Por Manuel Vicente Durán

En la glorieta de Piramides de Madrid recogemos a la mayor parte de los participantes del viaje y al guía, Jorge, gran amante de los audiovisuales nos entretuvo el trayecto con un vídeo sobre la Ribera del Duero.

Tordesillas-Simancas
Después del café que nos sacó del adormecimiento del viaje, el paisaje nos ofrecía los viñedos de Rueda, famoso pueblo por su maravilloso vino blanco, hasta vislumbrar el perfil de Tordesillas con su puente medieval de los diez ojos sobre el río Duero. La vista del pueblo por la entrada de la llanura queda archivada en nuestra retina. Habíamos quedado con una guía local, Inés, palentina de las que hace patria cerca de la estatua de un toro, el famoso Toro de la Vega que tanta polémica ha generado en los últimos años.

Tordesillas se hizo universal en 1494 por el tratado que dirimió las disputas entre España y Portugal, con él se fijaron los límites para ambos reinos sobre las tierras recién descubiertas y por descubrir en América. Visitamos la Casa del Tratado donde está la oficina de turismo y una muestra permanente de cartografía antigua. También visitamos el real monasterio de Santa Clara, uno de esos lugares con un encanto especial, con sus detalles mudéjares e inscripciones en caracteres arábigos que se conservan en su fachada, y nos acercamos al que fuera palacio de Alfonso XI y residencia durante muchos años de la reina Juana I de Castilla, nunca conocida, según la guía, por el apelativo que le puso la historia. Tordesillas fue capital del movimiento comunero hasta que las tropas imperiales hicieron valer su fuerza. Contemplamos las maravillosas vistas que nos ofrece su posición privilegiada sobre el río Duero y realizamos una paseo por sus calles hasta su pintoresca plaza, donde nos despedimos de esta guía tan peculiar.

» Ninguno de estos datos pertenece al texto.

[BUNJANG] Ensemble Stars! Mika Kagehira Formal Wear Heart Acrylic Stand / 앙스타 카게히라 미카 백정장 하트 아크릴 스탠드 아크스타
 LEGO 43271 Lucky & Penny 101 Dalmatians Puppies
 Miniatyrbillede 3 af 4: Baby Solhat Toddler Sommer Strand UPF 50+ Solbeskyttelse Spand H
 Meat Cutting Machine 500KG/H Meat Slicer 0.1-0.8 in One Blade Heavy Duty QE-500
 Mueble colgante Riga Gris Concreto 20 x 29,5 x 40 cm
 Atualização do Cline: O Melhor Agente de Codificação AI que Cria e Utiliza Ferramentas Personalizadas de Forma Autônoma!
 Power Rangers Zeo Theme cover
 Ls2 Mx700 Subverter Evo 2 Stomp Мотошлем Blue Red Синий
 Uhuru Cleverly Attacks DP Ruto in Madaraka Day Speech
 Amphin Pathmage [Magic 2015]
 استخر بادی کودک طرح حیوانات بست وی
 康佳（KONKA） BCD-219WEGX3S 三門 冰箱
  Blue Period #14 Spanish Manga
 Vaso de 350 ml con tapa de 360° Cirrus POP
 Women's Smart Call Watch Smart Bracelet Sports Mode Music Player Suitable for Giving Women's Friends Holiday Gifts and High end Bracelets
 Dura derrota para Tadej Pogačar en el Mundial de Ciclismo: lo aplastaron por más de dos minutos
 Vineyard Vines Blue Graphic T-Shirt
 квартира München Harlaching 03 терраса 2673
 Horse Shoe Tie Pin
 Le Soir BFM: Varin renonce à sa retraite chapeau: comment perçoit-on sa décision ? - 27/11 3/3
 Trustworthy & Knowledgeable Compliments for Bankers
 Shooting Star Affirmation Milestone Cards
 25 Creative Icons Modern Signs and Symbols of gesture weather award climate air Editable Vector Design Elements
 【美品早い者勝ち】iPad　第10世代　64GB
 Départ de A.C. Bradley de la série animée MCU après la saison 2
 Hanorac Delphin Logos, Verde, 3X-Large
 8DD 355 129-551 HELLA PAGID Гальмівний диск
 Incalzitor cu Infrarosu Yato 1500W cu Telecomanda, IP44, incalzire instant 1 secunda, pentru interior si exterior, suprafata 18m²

Nuestra siguiente parada era Simancas para contemplar su romántico castillo de tejados grises donde se encuentra el Archivo General del Reino. Realizamos un paseo por las calles de Simancas hasta llegar a un mirador sobre el río Pisuerga donde contemplan sus particulares vistas. Después de comprar dulces en una de sus tahonas pusimos rumbo hacia Valladolid.

Valladolid
Llegamos a la hora de comer a la ciudad del Pisuerga. Tras la comida y la asignación de habitaciones en el hotel, la tarde del sábado era libre para conocer la ciudad.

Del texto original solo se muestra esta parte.